The division between social services day care and nursery education has always been bureaucratic and artificial - more a case of warring local authority empires than because care and education can be separated in any meaningful sense. The best pre-school arrangements offer both together - as do the best parents and childminders. When a small child is sploshing in the bath discussing with an adult whether a beaker is "full" or "empty", care and education are seamlessly entwined; as with reading a story (literacy), deciding how to share nine biscuits among three children (numeracy), or playing I Spy on a journey (phonics).
This type of educational input, especially among children looked after by childminders, is highly desirable. No one, surely, is advocating a regime where three-year-olds are drilled in the three Rs. In French nursery schools, children from the age of two follow a structured programme of learning and play which prepares them for school - and is based on a sound understanding of child development. We would do well to follow suit.
The uncomfortable fact in this country is that the more deprived the child, the more likely it is to be experiencing daycare with no educational element - in an understaffed nursery or plonked in front of the minder's television with a dummy in its mouth. These are the children whose parents and carers, however loving, may have little idea of how to stimulate them intellectually.
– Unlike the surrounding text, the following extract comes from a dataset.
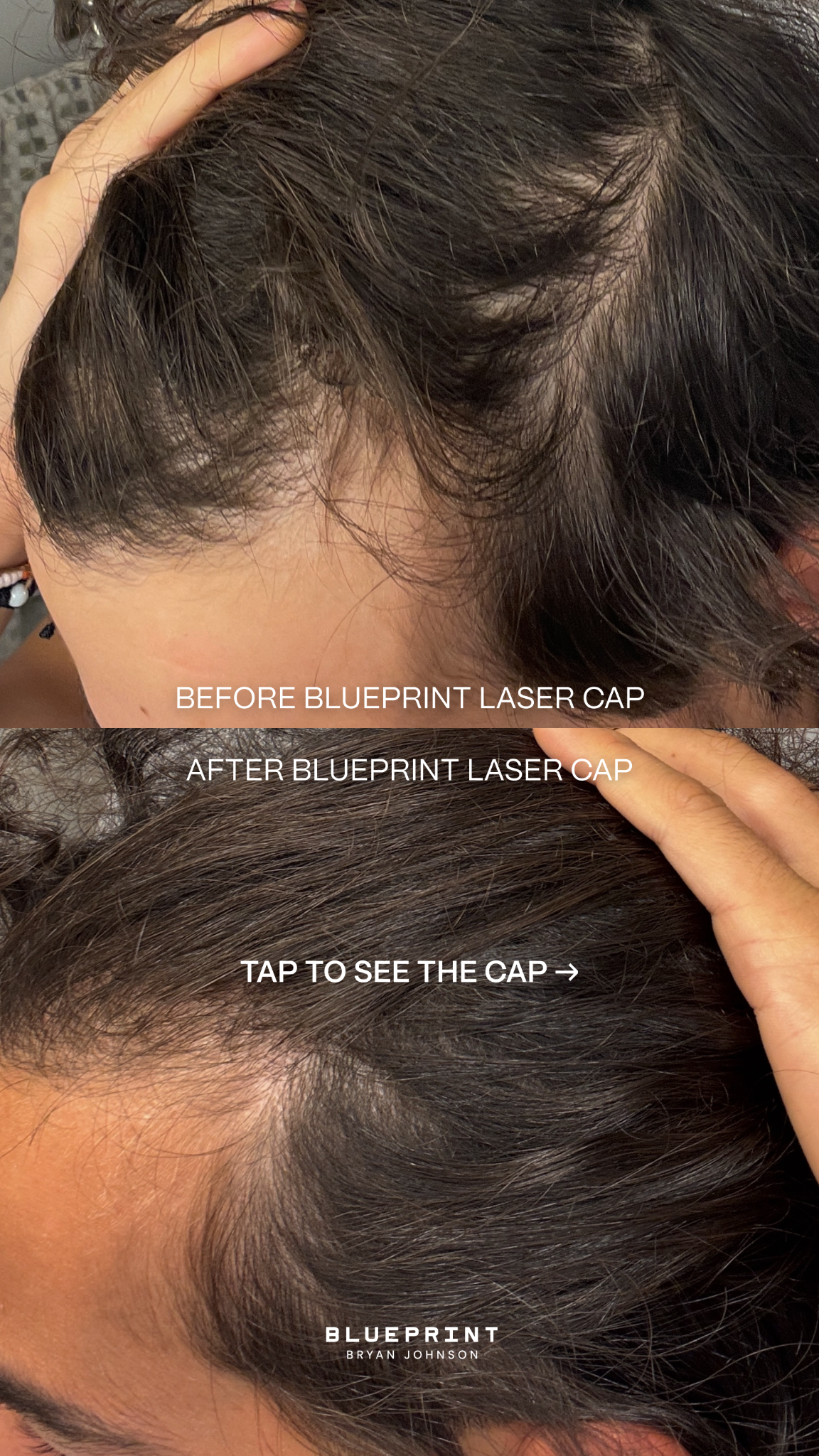 Blueprint Longevity Facebook ad: Reverse hair loss in 16 weeks.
There is evidence that during the first two or three years of life a child not only learns very quickly, but needs to learn as much as possible. During this period, the brain lays down the basic wiring which will enable it to grasp ideas effectively. Inadequate stimulation makes for a less-developed brain which learns more slowly. OFSTED's key task, in monitoring pre-school education, is to reduce the number of five-year-olds who already lag behind the rest.